Black Alley
- Author: Mickey Spillane
- Language: English
- Genre: Fiction
- Publisher: Dutton
- Publication place: United States
- Published in English: November, 1996
- Pages: 320

= Black Alley =

1996 novel by Mickey Spillane

Black Alley (1996) is a novel by American author Mickey Spillane, the 13th featuring New York City private investigator Mike Hammer and the final one completed before Spillane's death in July 2006.

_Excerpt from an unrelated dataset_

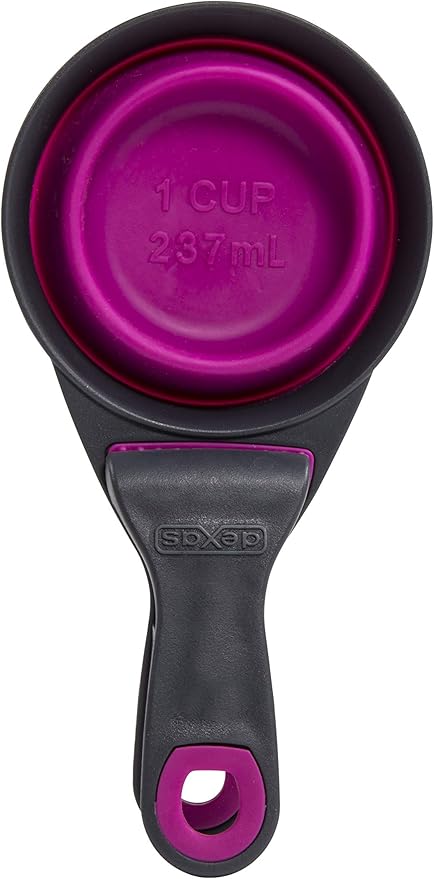 Dexas Pets Collapsible KlipScoop Collapsible Dry Dog Food Scoop and Dog Food Bag Clip, 1 Cup Capacity, Fuchsia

Following the author's demise, the first of "five substantial Mike Hammer manuscripts," The Goliath Bone, was completed by his friend and colleague Max Allan Collins and published in 2008. Additional books based on Spillane's unfinished manuscripts have since been released, including Lady, Go Die! (2012), Complex 90 (2013) and King of the Weeds (2014). King of the Weeds is a direct sequel to Black Alley.

==Plot summary==
The novel begins with Mike Hammer recovering in Florida from bullet wounds he received during his infiltration of a drug war on the docks of New York—injuries from which he almost perished. After being thought dead by all of his close friends and family for a period of eight months, he comes back to Manhattan and resumes his normal, exciting life. When an old army buddy, Marcus Dooley, is on his deathbed, he clues Hammer in on a pot of $89 billion he stole and hid from the dons of the mafia. Young, greedy mobsters are also looking for that money, which they should have inherited, had it not been stolen. Mike Hammer takes on the whole mafia, coolly, and in imperfect health.